Cette frontière est régulièrement traversée par les éléments du GSPC qui trouvent refuge au Niger et par des migrants clandestins. Plus de 6.600 clandestins d’Afrique de l’Ouest, majoritairement des Nigériens, ont été expulsés de Libye et d’Algérie en 2005, selon des sources officielles nigériennes. Même si les dispositions prises et les échanges d’information entre les deux pays, pour parer aux déplacements des groupes terroristes tout au long de cette frontière, ont permis d’avorter plusieurs opérations d’incursion, il n’en demeure pas moins que la zone du Sahel continue d’être un eldorado pour les groupes armés, notamment ceux du GSPC algérien et mauritanien. L’arsenal récupéré par l’armée algérienne, au lendemain de l’opération d’El-Ménéa, qui a permis de neutraliser un important groupe terroriste en plein désert, est révélateur de la persistance du trafic d’armes entre différents pays du Sahel. Incontrôlables en raison de leur étendue et de leur relief, certains zones frontalières des pays du Sahel sont devenues, depuis l’avènement du terrorisme transnational, des bases arrière pour le GSPC, d’autres groupes terroristes africains et des trafiquants en tout genre. Terroristes, trafiquants et passeurs transitent souvent par ces frontière «sassées» pour s’approvisionner en munitions et en vivres ou pour écouler leurs marchandises.

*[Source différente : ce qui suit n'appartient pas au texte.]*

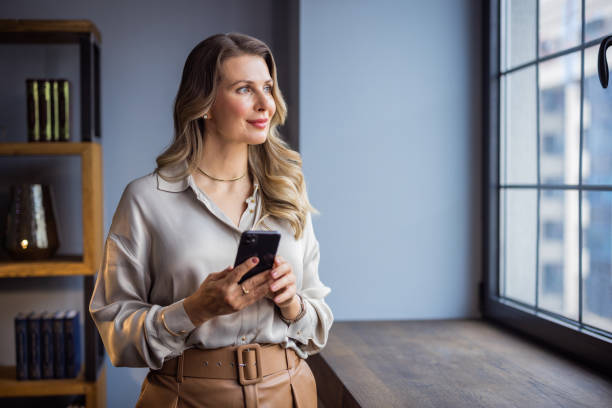 Women leader in her business Portrait of a confident mature businesswoman working in a modern office. older blonde woman stock pictures, royalty-free photos & images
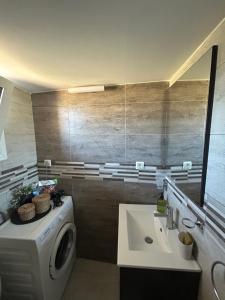 a bathroom with a washing machine and a sink at Casa de Kalika in Chania +5 photos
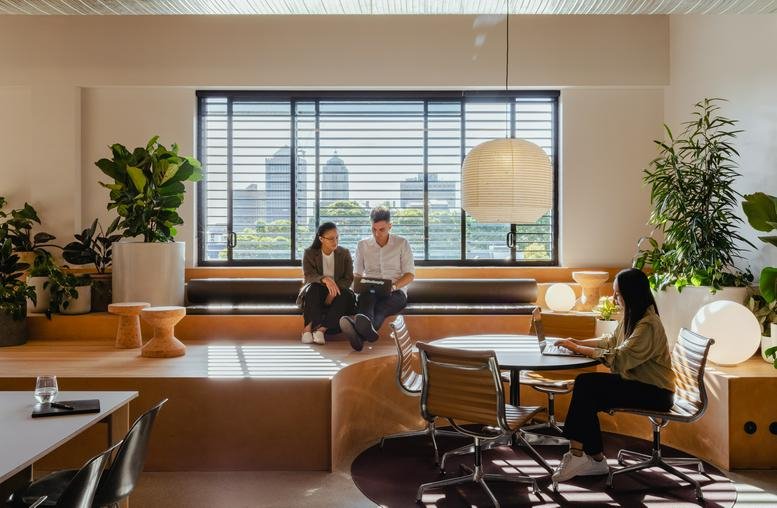 Spacious communal lounge with tiered wooden seating, round tables, and large orb pendant lighting.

Face à la menace constante du phénomène du terrorisme international et les proportions alarmantes qu’avaient pris la traite des personnes et l’immigration clandestine, les gouvernements des pays du Sahel, sous une impulsion US, avaient décidé de coordonner leurs efforts pour une lutte efficace contre le phénomène. Cette coopération s’est davantage accentuée après l’affaire de l’enlèvement des 32 touristes allemands par le GSPC.

Dès le mois de janvier 2004, des moyens considérables ont été déployés par l’armée américaine pour soutenir la lutte des troupes locales contre le GSPC. L’aide a été organisée dans le cadre du programme d’assistance militaire Initiative Pan-Sahel (PSI), opérationnel depuis novembre 2003 et doté pour 2004 de 6,5 millions de dollars. Ce programme visait à aider le Mali, le Tchad, le Niger et la Mauritanie dans une première phase, puis l’Algérie et d’autres pays du Maghreb, à combattre la contrebande, les criminels internationaux et les groupes terroristes. En mars 2004, quatre pays du Sahel (Mali, Tchad, Niger et Algérie) avaient mené conjointement une opération miliaire contre le GSPC. Une action militaire qui avait scellé en quelque sorte un «pacte moral» de lutte commune contre le terrorisme transnational.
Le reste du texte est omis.